Investors pressure fast food giants about antibiotics in meat

Investors with $2 trillion (€1.86 trillion) of assets under management have managed to get some of the largest fast food restaurant chains to commit to monitoring antibiotic usage in their meat supply chains.

The group – which includes Aviva Investors, Aegon Asset Management, and the Stratchclyde Pension Fund in Scotland – has challenged the likes of McDonald’s, Wetherspoon and others including the owner of Kentucky Fried Chicken, Yum! Brands, to say what they are doing to prevent antibiotic resistance in humans.

There is a link between portfolio values and the threat of antibiotics becoming useless, the group says.

Richard Keery, investment manager at the Strathclyde Pension Fund said: “There is a growing public focus on rising levels of antibiotic resistance and the risks it poses to public health systems and ultimately to portfolio value.”

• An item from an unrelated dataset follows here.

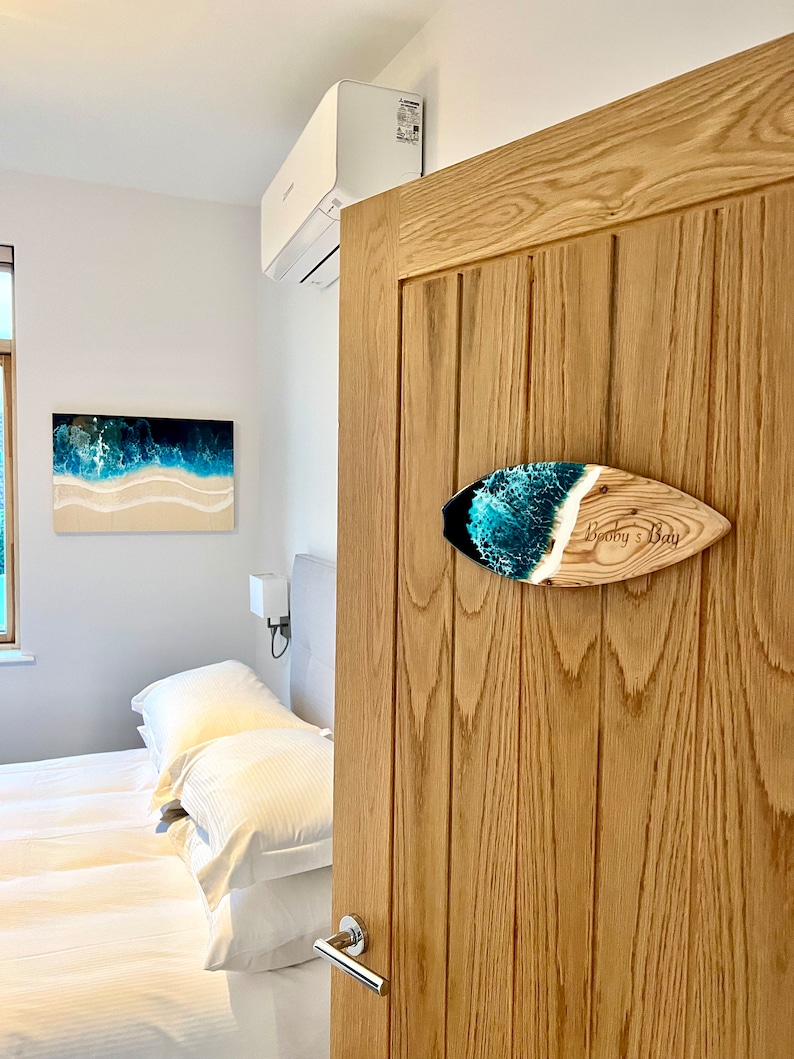 May include: A wooden surfboard sign with a blue and green resin inlay. The sign is mounted on a wooden door and says "Booby's Bay".
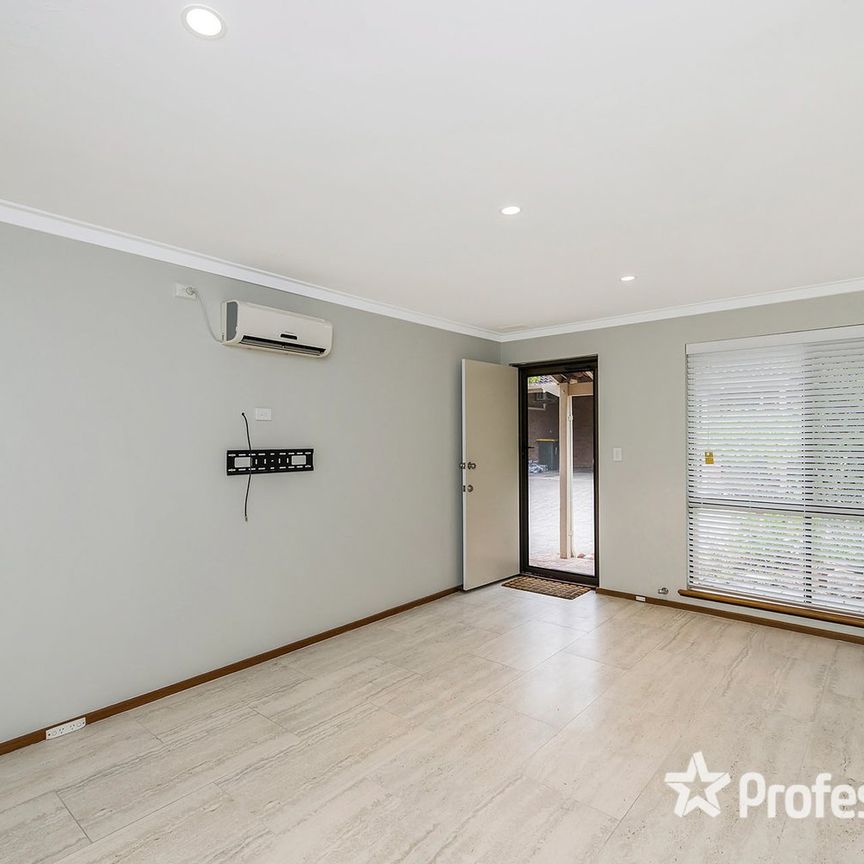 Beautifully Renovated 2-Bedroom Home - Photo 1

The coalition’s report details a 12-month engagement with ten fast food producers to stop the “dangerous levels of antibiotics administered to pigs, cattle and other livestock”. The report is launched at an event at BlackRock’s offices in New York today.

The report shows that 70% of companies had adopted either a comprehensive or partial policy for more responsible antibiotic use in poultry, up from 50% in March 2016.

Eighty per cent of companies reported they were now actively engaging with suppliers to monitor antibiotic usage. Yum! Brands was the only company that ignored a request for further information, the group said.

None of the companies surveyed had developed fully comprehensive, publicly available antibiotics policies to cover their entire livestock supply chain.

Keery added that antibiotic resistance was gaining traction as an “important” investment risk factor and that pension funds and asset managers in the investor coalition will be “watching closely” to see what further reductions in antibiotic use can be made.

Natalie Beinisch, engagement manager at Aegon Asset Management, said antibiotic resistance was “one of the most serious emerging global health risks”.

Changing regulations are cited in the report, entitled ‘The restaurant sector and antibiotic risk’.  There is potential new EU legislation that would ban routine preventative use of antibiotics on farms, the report says.

The report also highlights new analysis from a Cambridge University-backed study reinforcing scientific opinion that antibiotic resistant bacteria, such as some strains of E. coli, can spread from livestock to humans via food consumption.